Answers 1Add Yours
At the end of the play, Malvolio speaks with composure, and in verse, for the first time. He is not bewildered, as he had been throughout Act IV, but rather he seeks vengeance for the wrongs that he believes Olivia has done to him. Olivia, however, has done nothing to her steward; she defuses the situation very carefully, promising him justice, and speaking very politely, so as not to inflame him any further.
But it is Feste who explains the situation, and stirs up Malvolio's anger once again. Just as it appears that Malvolio is satisfied with Olivia's pronouncement, Feste mocks what Malvolio had said to "Sir Topaz," and Malvolio's disdainful comments to him after he catches Feste and Sir Toby making a stir at night. Feste airs his resentment of Malvolio before the whole party, and turns it into pointed criticism of Malvolio; Malvolio, in return, is greatly angered, and swears that he will get revenge on Feste and his cohorts for what has been done to him. There is no real closure in Malvolio's situation; he ends the play just as high-strung as he had begun it, and rather than gathering any truths about himself from Feste's statements, places the blame on them and feels pumped up by self-righteousness once again.

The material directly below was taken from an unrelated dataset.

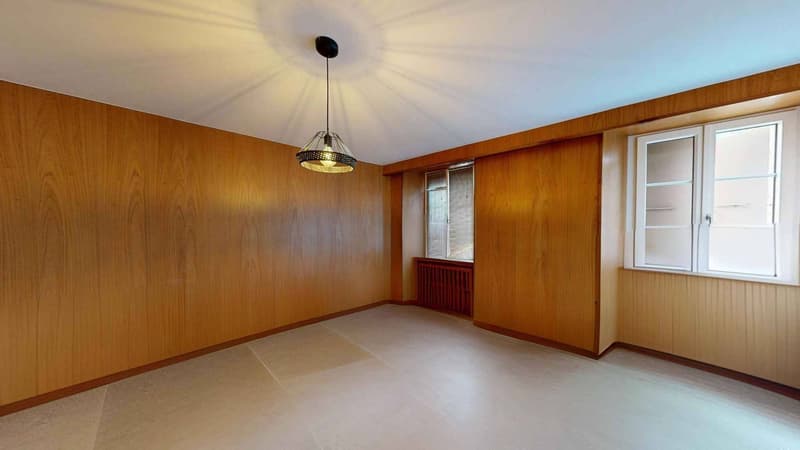 Spacious 4.5-room apartment renovated - Character assured (1)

At the end of the play, Malvolio still has no knowledge of his failings; although the pranks played on him were meant to punish him for his pride and vanity, he has still not seen the error of his ways, or tried to change himself. Feste's statement about how his enemies "tell me plainly I am an ass, so that by my foes, sir, I profit in the knowledge of myself," could be taken as a justification for the whole attempt to bring Malvolio to penance (l. 16). If this declaration was indeed Feste's motivation in tormenting Malvolio, then in retrospect, his actions in Act IV were not as cruel as they seemed to be.